When we think of our educational institutions, of our Rabbinical colleges, of our historical associations, of our synagogues, of such an achievement as the Jewish Encyclopedia and its counterpart in the Hebrew language, and many other enterprises, we cannot help but wonder that in so short a time the Jews of America should have done as much as they have in the spiritual sphere, particularly when we recall that the last half-century was a period of sceptism and materialism, which put all Religion on the defensive, and which made the course of Judaism in this country, and the process of re-adjustment, so much more difficult than it might have been.

It is this spiritual and material advance of the American Jew that has made it possible for him time and again to come to the rescue of his fellow-Jews in other countries. It would take us too far afield to go into detail. But no survey of the connection of America with the Jew is adequate without at least a reminder of how America championed the rights of her Jewish citizens in Switzerland and Russia, and of how she intervened in behalf of persecuted Jews in Damascus and in Morocco, in Rumania and in Russia.

When the history of the emancipation of the Jews is written, a place of honor surely will be accorded to the help rendered by America, through some of her foremost and most humane statesmen, from Theodore Fay to John Hay, and through the energy and self-sacrifice of her Jewish citizens.

Nor would our survey be sufficient without a reference to the patriotism of the American Jew. If the patriotism of the Jew has been proved in every country, nowhere has it been more ardent and ready than here. We know the early story of Asser Levy who insisted on his right to stand guard like every other citizen of New Amsterdam, rather than be exempted and taxed. He is the patriotic prototype of the American Jew in every age and crisis, in peace and in war. Whoever doubts the patriotism of the American Jew, does not know him. And never was the Jew of America more ready than today to do his patriotic duty, to make all the sacrifices demanded by the hour, to stand guard for the Republic and for Democracy. This he has shown already, and is going to continue to show, as the War goes on.
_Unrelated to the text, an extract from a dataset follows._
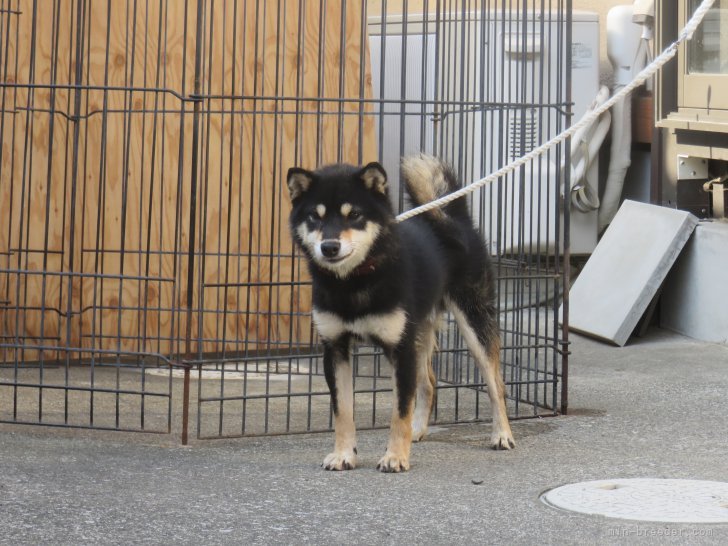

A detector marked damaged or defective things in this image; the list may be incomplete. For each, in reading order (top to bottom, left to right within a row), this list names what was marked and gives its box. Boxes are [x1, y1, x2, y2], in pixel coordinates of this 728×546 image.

A word about the future. Now and then questions are asked about the future of the Jew in America. Will he live on? Will he continue in his present fortunate condition? We hear murmurs about a nascent anti-Semitism, and what not. To all these questions there is but one answer: It depends upon ourselves! Let us think of the noble words of George Washington in his reply to the address presented to him by the Jewish community of Newport in the year 1790. "It is no more," he said, "that toleration is spoken of, as if it were by the indulgence of one class of people that another enjoyed the exercise of their inherent natural rights. For happily the Government of the United States, which gives to bigotry no sanction, to persecution no assistance, requires only that they who live under its protection should demean themselves as good citizens, in giving it on all occasions their effectual support."

The Jew has nothing to fear from anti-Semitism in America. It amounts to nothing, except in so far as we help create it. What counts is our own life and what we do for the maintenance of democracy in America and elsewhere. As long as we do our duty, as long as we remain true to the best moral and spiritual traditions of the Jew, as long as we stand for the noblest ideals of citizenship, and as long as America remains what her founders designed and dreamed her to be—the home and the hope of democracy—so long the Jew will be safe for America and America will be safe for the Jew!